Jill on Money: Everything you need to know about the new Child Tax Credit
When the American Rescue Plan became law in March, the focus was on immediate relief that came in the form of $1,400 stimulus checks and supplemental federal unemployment benefits of $300 per week. Another important feature of the plan was the Enhanced Child Tax Credit, which entitles millions of American households to a fresh round of payments, starting this summer. Here's what you need to know about the changes.
How much is the new credit?
The government increased the amount of the existing Child Tax Credit from $2,000 to $3,600 for children younger than 6, and to $3,000 for children age 6 to17 years old.
Besides the amount, what else is different about the credit? Previously, families claimed the tax credit when they filed taxes. With the expansion, half of the amount will be divided into six monthly payments (up to $300 per month per child under 6 and up to $250 per month for each child between the ages of 6 and 17). Uncle Sam will distribute the monthly payments from July 15 through Dec. 15. The other half of the credit will be like the old method — eligible Americans will have claim it on their 2021 tax returns, when they file next April.
Who qualifies for the credit?
Those who have kids who are 17 or younger as of Dec. 31, 2021, and make below certain amounts for 2021 will qualify for the expanded credit. The income limits are:
- $75,000 or less for single taxpayers;
- $112,500 or less for heads of household;
- $150,000 or less for married filing jointly/qualified widows/widowers.
Single filers who earn up to $95,000, heads of households who earn up to $132,500, and married couples with combined incomes up to $170,000 will also receive payments, though the amounts will be smaller. The credit is reduced by $50 for every $1,000 of income over those threshold amounts. The Internal Revenue Service has provided an interactive tool to help people determine whether they qualify for the credit and if so, for how much.
Are nonfilers eligible?
Yes, the IRS has a nonfilers portal, where folks who do not file tax returns can provide their information to the agency and they will then receive payments.
How do I get the money?
The IRS already sent letters to 36 million households that it believes are eligible based on their 2019 or 2020 federal income tax returns. However, if your income, address, bank account and number of kids has changed since then, you should update it with the IRS on the Child Tax Credit Update Portal.
What happens to the old child tax credit?
It's still in force. Even if you're phased out from the enhanced credit, the regular Child Tax Credit of $2,000 is available to single filers who earn up to $200,000 (phases out above $240,000) and married couples who earn up to $400,000 (phases out above $440,000). If eligible, you would claim it when you file 2021 taxes.

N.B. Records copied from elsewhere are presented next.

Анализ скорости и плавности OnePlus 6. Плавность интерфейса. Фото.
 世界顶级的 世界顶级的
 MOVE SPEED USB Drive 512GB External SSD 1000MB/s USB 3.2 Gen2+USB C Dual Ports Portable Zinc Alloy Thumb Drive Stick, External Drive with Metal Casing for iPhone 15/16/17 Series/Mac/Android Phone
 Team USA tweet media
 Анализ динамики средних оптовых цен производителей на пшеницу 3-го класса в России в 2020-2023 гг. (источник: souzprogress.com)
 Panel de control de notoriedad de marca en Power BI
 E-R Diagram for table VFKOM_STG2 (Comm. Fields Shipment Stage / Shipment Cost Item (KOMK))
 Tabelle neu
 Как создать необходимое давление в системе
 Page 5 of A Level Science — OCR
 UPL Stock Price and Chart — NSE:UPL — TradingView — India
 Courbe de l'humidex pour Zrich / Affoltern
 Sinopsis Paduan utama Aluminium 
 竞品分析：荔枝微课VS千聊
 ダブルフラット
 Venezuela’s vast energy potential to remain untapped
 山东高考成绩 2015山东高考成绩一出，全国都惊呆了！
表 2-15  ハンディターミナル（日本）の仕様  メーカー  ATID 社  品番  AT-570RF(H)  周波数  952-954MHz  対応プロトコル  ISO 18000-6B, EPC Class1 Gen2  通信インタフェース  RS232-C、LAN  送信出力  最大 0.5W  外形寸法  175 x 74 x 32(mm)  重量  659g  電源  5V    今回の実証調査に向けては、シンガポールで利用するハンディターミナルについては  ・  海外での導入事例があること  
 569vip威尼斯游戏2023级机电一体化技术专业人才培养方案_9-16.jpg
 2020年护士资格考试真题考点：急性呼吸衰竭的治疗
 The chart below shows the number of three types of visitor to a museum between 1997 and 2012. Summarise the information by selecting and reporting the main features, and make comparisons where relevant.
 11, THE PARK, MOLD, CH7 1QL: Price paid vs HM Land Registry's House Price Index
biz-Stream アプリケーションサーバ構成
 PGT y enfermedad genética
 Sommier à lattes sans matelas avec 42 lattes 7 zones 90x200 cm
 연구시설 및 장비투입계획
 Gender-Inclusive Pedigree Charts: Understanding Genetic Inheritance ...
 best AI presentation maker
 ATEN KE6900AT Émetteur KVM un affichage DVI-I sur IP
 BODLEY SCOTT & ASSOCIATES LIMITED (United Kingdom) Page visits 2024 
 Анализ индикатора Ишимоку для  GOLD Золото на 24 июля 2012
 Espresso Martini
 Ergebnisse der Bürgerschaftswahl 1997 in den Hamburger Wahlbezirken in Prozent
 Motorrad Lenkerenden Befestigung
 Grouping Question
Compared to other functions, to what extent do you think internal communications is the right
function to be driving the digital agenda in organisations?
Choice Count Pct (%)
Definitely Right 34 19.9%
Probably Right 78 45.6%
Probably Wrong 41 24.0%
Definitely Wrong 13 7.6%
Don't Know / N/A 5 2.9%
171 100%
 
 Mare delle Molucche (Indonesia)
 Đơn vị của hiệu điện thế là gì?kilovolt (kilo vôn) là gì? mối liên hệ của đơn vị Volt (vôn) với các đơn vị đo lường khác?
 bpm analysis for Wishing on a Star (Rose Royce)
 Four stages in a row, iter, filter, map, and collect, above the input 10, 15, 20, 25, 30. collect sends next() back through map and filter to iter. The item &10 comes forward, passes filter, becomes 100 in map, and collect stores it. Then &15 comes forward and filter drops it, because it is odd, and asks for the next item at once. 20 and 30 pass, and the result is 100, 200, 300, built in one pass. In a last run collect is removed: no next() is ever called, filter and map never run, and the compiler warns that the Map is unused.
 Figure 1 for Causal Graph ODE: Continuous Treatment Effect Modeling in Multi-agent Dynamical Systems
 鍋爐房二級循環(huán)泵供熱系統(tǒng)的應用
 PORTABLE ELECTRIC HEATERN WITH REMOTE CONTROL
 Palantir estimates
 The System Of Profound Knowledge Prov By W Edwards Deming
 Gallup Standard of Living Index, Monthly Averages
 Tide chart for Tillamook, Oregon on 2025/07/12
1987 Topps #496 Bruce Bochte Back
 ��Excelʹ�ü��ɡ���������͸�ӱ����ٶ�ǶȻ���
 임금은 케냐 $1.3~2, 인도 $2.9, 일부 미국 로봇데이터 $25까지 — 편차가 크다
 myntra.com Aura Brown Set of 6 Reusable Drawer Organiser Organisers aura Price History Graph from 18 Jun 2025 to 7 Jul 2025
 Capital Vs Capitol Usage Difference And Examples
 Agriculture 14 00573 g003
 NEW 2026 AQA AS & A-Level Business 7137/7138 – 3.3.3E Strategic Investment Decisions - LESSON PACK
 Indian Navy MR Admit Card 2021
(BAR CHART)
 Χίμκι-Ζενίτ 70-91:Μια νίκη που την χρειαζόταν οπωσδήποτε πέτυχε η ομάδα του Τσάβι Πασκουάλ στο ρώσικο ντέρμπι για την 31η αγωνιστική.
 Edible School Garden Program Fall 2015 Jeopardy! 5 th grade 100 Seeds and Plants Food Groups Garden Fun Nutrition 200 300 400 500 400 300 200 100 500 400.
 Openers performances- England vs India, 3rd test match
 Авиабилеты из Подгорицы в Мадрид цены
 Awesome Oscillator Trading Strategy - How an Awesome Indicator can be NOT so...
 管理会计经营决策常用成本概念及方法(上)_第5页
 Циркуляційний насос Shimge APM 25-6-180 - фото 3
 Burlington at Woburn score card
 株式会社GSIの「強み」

What if I don't qualify, but receive money?
This is where things get tricky. If your 2021 income is too high to qualify — and this could easily happen for many Americans who were laid off, worked reduced hours or were furloughed last year, but have secured new jobs this year — you must proactively opt out of the credit through the IRS un-enroll tool before the first payment is made on July 15. If you don't, you will owe the money back to Uncle Sam when you file your 2021 returns.
If you aren't sure about your income, it's best to un-enroll and then if your income is low enough to qualify, you can claim the entire credit when you file your 2021 tax return.